• **Your instructions**: Working from the records below, repeat exactly the lines starting at the line that contains "Eliana Guercio mostró" and ending at the line that contains "Thumbnail 2 in", inclusive.

• **Data records**:
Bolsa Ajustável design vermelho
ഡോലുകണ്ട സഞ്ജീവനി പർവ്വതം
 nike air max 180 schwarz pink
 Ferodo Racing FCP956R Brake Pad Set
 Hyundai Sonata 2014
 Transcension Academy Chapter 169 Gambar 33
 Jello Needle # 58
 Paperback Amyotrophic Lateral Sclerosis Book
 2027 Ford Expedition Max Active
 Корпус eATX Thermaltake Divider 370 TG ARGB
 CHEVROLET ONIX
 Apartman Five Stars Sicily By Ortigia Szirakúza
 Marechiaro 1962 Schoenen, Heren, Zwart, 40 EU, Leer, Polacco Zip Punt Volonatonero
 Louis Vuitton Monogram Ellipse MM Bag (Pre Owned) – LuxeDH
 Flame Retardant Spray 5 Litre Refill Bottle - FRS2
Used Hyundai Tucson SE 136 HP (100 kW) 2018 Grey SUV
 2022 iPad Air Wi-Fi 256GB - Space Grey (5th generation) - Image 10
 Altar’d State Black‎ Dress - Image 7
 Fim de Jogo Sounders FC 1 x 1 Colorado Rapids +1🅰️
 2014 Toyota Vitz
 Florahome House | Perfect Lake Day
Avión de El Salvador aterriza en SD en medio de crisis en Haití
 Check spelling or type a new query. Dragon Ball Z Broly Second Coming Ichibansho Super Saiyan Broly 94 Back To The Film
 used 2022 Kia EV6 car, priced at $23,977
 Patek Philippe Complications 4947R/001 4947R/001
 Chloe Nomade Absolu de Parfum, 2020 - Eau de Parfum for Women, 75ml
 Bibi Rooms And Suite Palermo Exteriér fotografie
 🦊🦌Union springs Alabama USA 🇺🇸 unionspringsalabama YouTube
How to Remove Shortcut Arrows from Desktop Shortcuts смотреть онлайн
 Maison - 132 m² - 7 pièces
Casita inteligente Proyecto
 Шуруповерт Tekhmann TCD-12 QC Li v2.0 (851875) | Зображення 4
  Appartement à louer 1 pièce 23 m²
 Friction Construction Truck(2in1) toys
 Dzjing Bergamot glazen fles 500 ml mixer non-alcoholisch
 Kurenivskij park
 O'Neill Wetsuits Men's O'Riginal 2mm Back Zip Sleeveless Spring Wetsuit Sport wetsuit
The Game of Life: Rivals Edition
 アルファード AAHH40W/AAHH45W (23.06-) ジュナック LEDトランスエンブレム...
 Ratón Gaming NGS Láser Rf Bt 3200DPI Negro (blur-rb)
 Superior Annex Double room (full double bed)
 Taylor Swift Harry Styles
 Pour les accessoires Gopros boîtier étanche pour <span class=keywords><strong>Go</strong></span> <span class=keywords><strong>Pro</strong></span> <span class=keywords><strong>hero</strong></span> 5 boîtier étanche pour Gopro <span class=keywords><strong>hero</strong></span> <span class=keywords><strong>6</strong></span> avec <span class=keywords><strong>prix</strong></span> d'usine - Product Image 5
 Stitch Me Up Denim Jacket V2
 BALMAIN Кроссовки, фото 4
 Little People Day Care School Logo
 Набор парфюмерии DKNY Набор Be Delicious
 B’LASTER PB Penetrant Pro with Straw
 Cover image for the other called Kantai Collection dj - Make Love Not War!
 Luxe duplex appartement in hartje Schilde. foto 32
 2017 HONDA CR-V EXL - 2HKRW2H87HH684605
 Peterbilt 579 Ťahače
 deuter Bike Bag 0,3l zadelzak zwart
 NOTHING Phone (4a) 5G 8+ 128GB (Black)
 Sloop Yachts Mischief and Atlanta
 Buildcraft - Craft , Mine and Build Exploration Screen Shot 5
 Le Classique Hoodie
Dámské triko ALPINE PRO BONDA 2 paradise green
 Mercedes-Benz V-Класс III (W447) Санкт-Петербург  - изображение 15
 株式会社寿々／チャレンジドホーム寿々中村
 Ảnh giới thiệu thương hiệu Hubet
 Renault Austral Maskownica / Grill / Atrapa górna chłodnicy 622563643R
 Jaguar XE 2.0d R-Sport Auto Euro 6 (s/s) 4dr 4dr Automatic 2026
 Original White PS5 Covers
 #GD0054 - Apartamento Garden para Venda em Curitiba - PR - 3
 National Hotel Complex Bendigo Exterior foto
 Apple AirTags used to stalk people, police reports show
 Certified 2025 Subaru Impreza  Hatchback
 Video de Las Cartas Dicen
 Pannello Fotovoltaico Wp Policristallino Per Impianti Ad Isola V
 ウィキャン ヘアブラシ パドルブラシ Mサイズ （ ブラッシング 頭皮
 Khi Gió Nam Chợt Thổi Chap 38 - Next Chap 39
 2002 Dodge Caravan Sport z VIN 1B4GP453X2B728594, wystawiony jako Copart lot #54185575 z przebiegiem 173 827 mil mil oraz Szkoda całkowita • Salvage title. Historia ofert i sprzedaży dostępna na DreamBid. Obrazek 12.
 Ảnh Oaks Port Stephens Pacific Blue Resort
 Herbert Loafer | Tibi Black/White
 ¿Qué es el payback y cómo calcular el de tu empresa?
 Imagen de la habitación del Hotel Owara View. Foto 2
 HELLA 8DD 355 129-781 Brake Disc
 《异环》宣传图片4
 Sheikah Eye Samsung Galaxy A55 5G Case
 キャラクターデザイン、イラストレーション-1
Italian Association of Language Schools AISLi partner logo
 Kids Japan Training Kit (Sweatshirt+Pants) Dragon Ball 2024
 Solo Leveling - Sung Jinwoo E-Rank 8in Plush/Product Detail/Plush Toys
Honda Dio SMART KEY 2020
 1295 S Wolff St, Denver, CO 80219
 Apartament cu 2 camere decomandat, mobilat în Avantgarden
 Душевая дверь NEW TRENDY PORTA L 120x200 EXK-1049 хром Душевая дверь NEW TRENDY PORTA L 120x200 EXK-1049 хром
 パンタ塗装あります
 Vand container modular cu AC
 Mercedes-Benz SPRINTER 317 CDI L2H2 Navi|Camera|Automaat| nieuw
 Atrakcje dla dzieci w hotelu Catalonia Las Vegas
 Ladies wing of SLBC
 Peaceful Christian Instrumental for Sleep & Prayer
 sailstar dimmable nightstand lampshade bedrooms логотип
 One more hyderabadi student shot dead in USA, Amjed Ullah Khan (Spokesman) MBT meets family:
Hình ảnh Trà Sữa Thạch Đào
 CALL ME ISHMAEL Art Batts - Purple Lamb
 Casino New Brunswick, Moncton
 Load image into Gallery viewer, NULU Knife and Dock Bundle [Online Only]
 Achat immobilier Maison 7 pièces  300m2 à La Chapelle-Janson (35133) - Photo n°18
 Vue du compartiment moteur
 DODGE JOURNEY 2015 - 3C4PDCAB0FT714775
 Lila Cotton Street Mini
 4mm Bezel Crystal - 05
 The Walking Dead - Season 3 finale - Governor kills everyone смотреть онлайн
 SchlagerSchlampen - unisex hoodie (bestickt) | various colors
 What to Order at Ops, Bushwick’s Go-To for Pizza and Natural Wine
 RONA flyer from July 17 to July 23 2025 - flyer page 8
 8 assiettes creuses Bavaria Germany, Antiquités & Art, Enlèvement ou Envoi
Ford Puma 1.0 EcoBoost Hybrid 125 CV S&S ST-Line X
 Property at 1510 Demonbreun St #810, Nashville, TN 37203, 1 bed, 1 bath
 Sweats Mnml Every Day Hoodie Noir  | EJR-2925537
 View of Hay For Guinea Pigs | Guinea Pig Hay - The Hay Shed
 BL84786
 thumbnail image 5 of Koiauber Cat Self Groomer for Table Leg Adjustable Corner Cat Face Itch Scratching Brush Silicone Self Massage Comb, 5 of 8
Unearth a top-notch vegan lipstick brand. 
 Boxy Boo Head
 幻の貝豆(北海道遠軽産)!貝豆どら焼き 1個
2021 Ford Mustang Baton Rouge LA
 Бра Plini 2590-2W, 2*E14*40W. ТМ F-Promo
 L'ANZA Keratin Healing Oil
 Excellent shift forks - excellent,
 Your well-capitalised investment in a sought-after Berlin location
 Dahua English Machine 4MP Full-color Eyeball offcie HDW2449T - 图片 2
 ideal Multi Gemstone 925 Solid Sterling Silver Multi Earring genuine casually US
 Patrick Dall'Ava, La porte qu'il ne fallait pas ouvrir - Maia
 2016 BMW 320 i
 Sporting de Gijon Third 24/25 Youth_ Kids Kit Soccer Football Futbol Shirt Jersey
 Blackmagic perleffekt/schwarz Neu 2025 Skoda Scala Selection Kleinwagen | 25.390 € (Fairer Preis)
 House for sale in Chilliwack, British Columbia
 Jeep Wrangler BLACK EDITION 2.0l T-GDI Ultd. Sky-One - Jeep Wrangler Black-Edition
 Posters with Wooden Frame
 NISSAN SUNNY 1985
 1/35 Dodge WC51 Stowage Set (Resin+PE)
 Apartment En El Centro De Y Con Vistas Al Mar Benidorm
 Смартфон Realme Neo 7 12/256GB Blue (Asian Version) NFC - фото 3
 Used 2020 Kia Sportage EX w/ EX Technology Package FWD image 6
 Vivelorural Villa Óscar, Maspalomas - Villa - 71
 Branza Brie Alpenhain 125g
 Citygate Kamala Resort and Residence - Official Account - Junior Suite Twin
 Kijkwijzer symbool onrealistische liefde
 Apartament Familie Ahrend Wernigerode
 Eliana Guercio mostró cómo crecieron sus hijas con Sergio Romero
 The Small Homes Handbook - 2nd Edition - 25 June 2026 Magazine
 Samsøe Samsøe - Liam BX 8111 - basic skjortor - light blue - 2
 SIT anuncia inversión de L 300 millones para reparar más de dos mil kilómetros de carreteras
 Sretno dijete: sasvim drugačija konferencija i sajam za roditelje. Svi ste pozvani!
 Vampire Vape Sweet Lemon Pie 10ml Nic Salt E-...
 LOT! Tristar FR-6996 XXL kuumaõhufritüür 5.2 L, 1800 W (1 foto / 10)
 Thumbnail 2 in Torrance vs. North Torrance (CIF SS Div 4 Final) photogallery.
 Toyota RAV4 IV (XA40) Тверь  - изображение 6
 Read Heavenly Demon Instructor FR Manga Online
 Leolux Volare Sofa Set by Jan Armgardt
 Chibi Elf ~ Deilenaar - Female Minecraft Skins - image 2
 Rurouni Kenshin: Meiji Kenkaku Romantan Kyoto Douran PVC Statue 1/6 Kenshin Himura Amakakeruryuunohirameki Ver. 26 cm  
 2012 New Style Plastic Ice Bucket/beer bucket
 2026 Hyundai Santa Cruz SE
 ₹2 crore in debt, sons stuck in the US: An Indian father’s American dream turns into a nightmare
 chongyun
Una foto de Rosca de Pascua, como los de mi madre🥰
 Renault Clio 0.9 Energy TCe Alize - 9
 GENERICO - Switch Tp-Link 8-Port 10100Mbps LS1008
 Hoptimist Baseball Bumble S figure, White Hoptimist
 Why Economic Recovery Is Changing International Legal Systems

• **Response area**:
 Eliana Guercio mostró cómo crecieron sus hijas con Sergio Romero
 The Small Homes Handbook - 2nd Edition - 25 June 2026 Magazine
 Samsøe Samsøe - Liam BX 8111 - basic skjortor - light blue - 2
 SIT anuncia inversión de L 300 millones para reparar más de dos mil kilómetros de carreteras
 Sretno dijete: sasvim drugačija konferencija i sajam za roditelje. Svi ste pozvani!
 Vampire Vape Sweet Lemon Pie 10ml Nic Salt E-...
 LOT! Tristar FR-6996 XXL kuumaõhufritüür 5.2 L, 1800 W (1 foto / 10)
 Thumbnail 2 in Torrance vs. North Torrance (CIF SS Div 4 Final) photogallery.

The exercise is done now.